When Truth Lost Its Temper | Eastern North Carolina Now

   Publisher's note: The article below appeared in John Hood's daily column in his publication, the Carolina Journal, which, because of Author / Publisher Hood, is inextricably linked to the John Locke Foundation.

    RALEIGH     If Gov. Bev Perdue and liberal activists want to know why their Edu-scare campaign against the Republican-led General Assembly didn't work last year and won't work this year, they need only to consider the insight of essayist Kahil Gibran, who once wrote that "an exaggeration is a truth that has lost its temper."
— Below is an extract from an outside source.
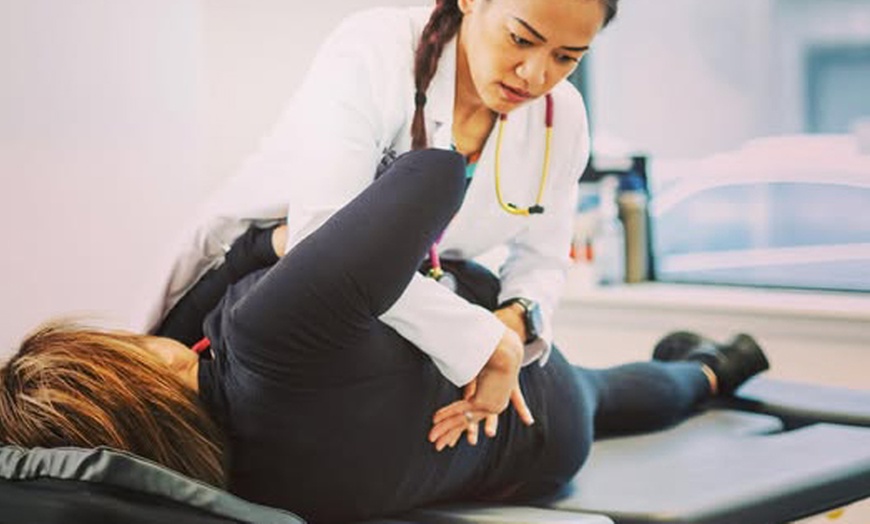 Image 2: Therapeutic Deep Tissue Massage w/ Cupping & Trigger Point and More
    It was undeniably true that, because Republican lawmakers decided last year to balance North Carolina's budget without a tax increase, their budget spent less money than Gov. Perdue had proposed on a host of programs. And it was undeniably true that this lower spending level brought with it a lower number of government jobs than the Democrats would have funded.

    What was also true,
John Hood
however, is that the differences between the two budgets - both in spending levels and government positions - were modest. The GOP budget spent about 2 percent less than the governor's General Fund budget, and about 1 percent less on education.

    As for positions, we are talking about a difference of a few thousand overall, including full-time and part-time, and a few hundred teaching positions. Just to put these numbers in perspective, North Carolina employed some 180,000 people in public schools alone in 2010-11, including about 95,000 teachers, and tens of thousands more in other state departments and programs.

    It would never do for Perdue and her liberal defenders to stick to these facts, however. They were true - but they were also unlikely to anger or move average voters. Even on the controversial question of teachers, where the GOP budget restored many but not all of the positions temporarily funded by federal stimulus funds, the difference between the Democratic and Republican education budgets amounted to less than 1 percent of teaching positions statewide.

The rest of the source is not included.